**Problem to work on**
In the entries that follow, the lines from the line containing "Dendrostilbella smaragdina image" up to and including the line containing "รีวิว ทำฟันปลอม ที่ Dental One Clinic" must be copied exactly, with pictures omitted.

**Exercise data**
^^^^^^^^^^^^^^^^
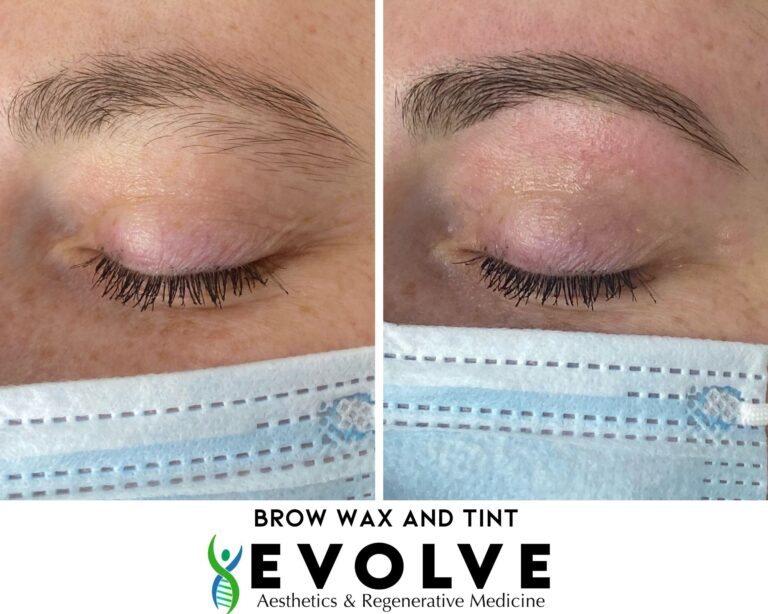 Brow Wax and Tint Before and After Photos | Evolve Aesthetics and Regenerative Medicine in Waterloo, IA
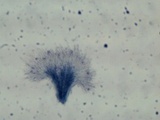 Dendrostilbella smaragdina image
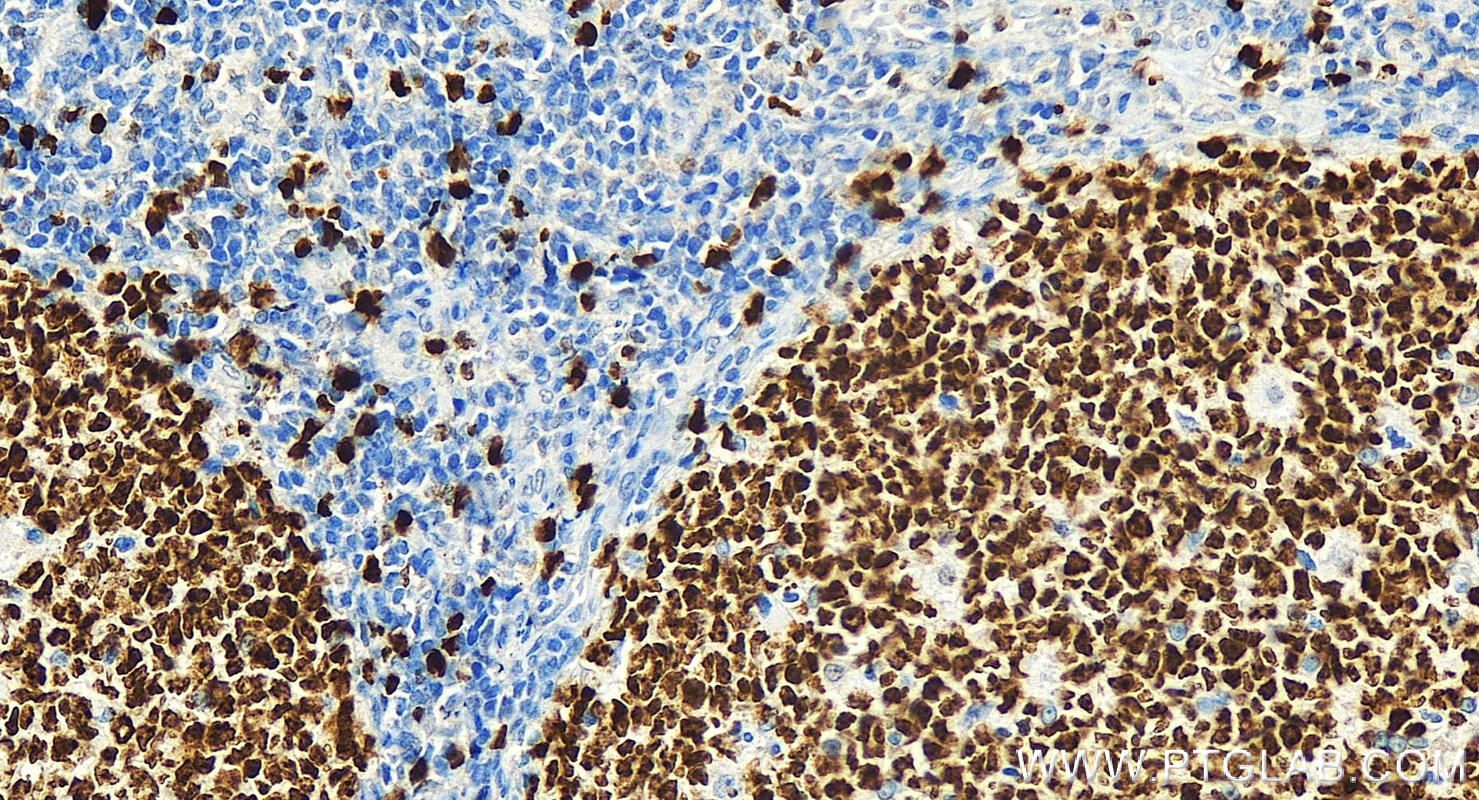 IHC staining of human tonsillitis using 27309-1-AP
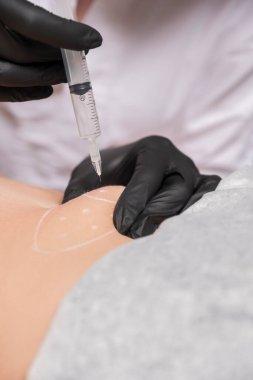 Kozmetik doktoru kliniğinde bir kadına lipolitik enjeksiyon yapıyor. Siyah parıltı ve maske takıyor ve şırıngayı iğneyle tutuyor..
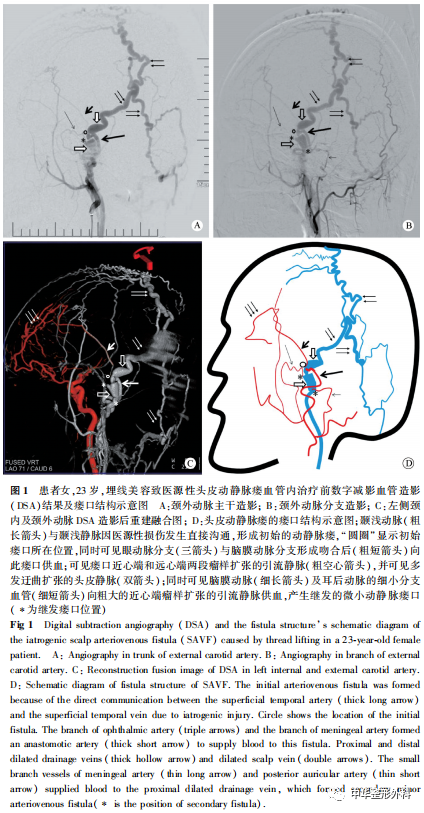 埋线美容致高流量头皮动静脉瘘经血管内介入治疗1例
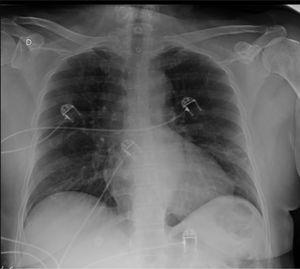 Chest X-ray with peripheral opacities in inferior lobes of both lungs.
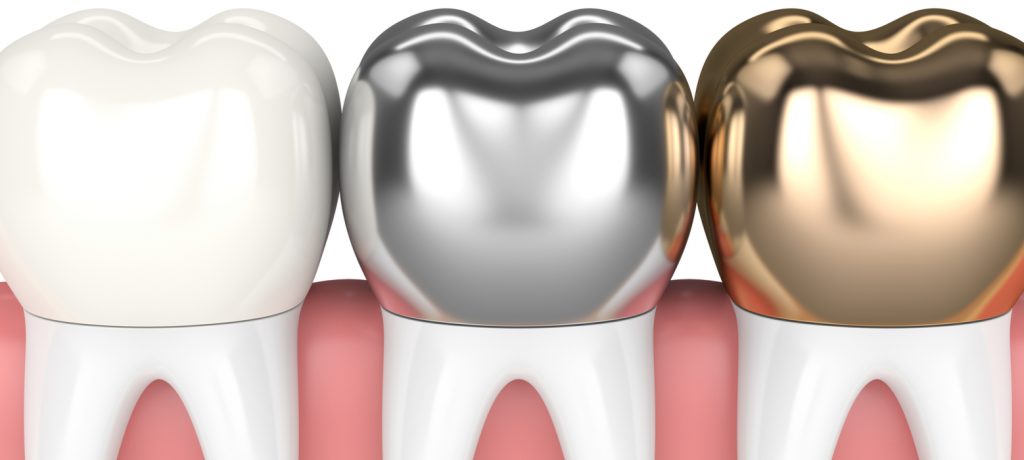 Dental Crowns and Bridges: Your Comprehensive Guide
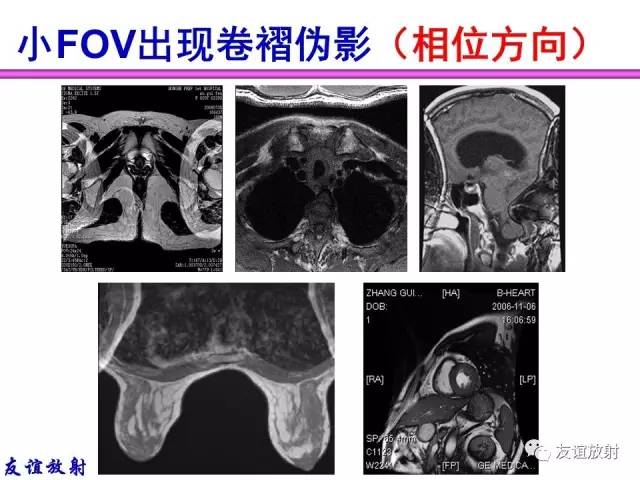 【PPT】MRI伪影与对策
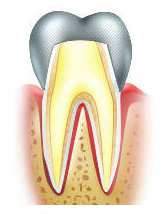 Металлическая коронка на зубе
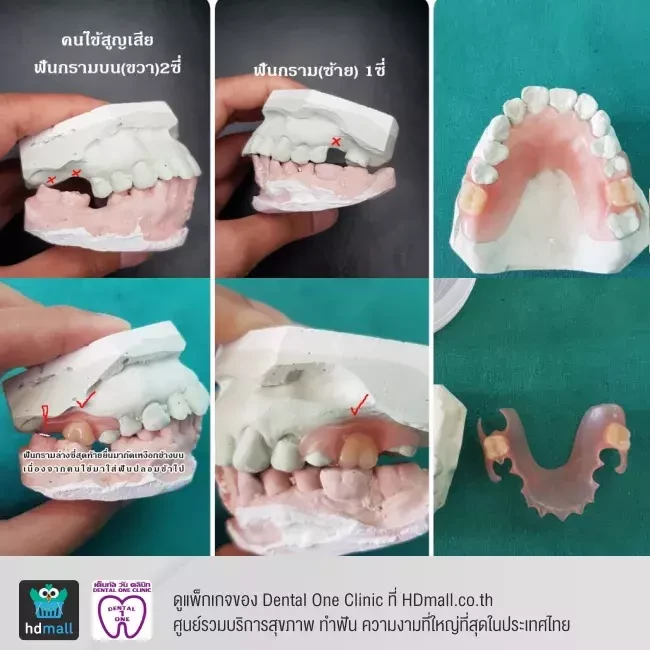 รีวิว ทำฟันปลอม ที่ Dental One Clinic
^^^^^^^^^^^^^^^^
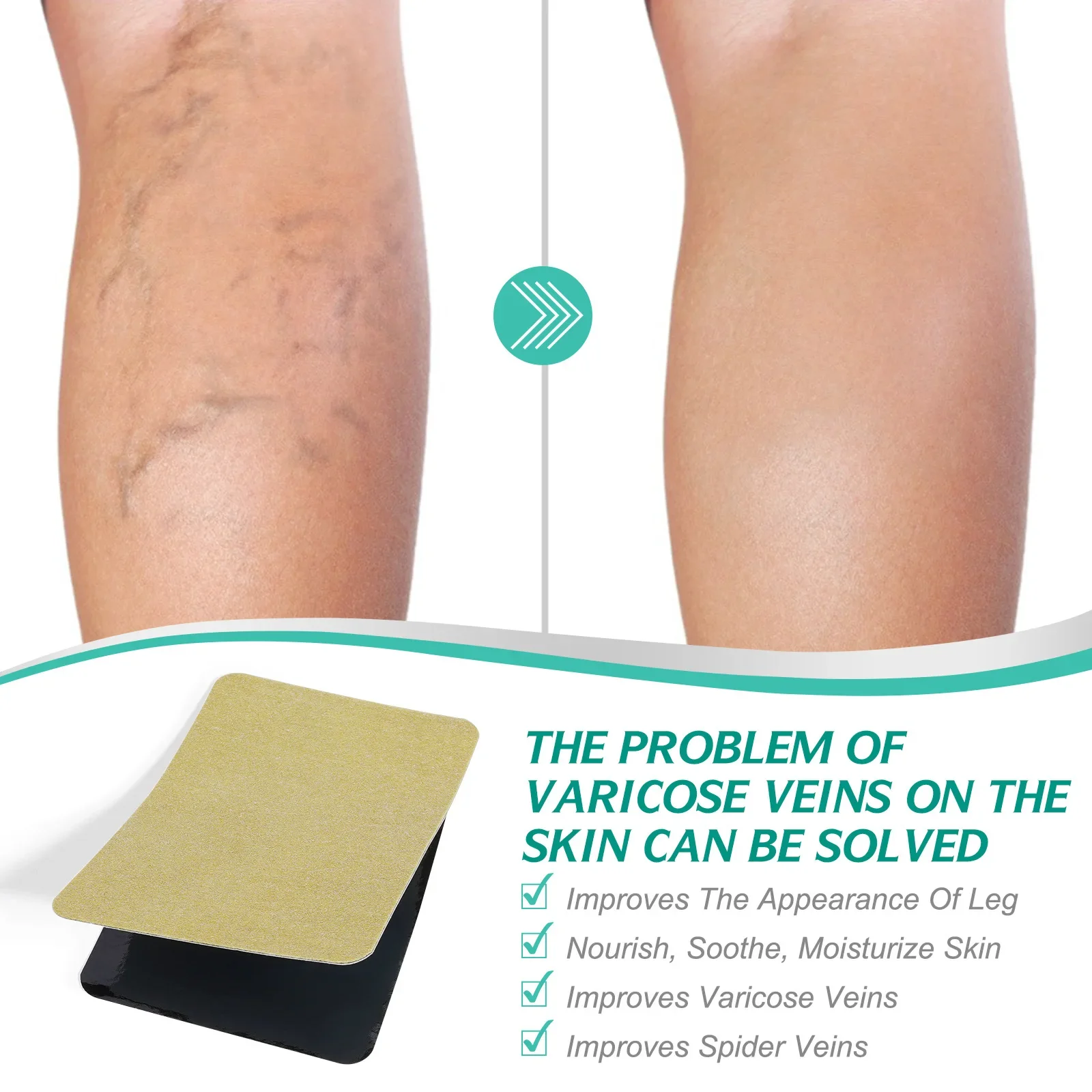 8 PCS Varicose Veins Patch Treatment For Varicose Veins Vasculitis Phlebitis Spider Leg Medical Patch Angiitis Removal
^^^^^^^^^^^^^^^^
**The answer**
 Dendrostilbella smaragdina image
 IHC staining of human tonsillitis using 27309-1-AP
 Kozmetik doktoru kliniğinde bir kadına lipolitik enjeksiyon yapıyor. Siyah parıltı ve maske takıyor ve şırıngayı iğneyle tutuyor..
 埋线美容致高流量头皮动静脉瘘经血管内介入治疗1例
 Chest X-ray with peripheral opacities in inferior lobes of both lungs.
 Dental Crowns and Bridges: Your Comprehensive Guide
 【PPT】MRI伪影与对策
 Металлическая коронка на зубе
 รีวิว ทำฟันปลอม ที่ Dental One Clinic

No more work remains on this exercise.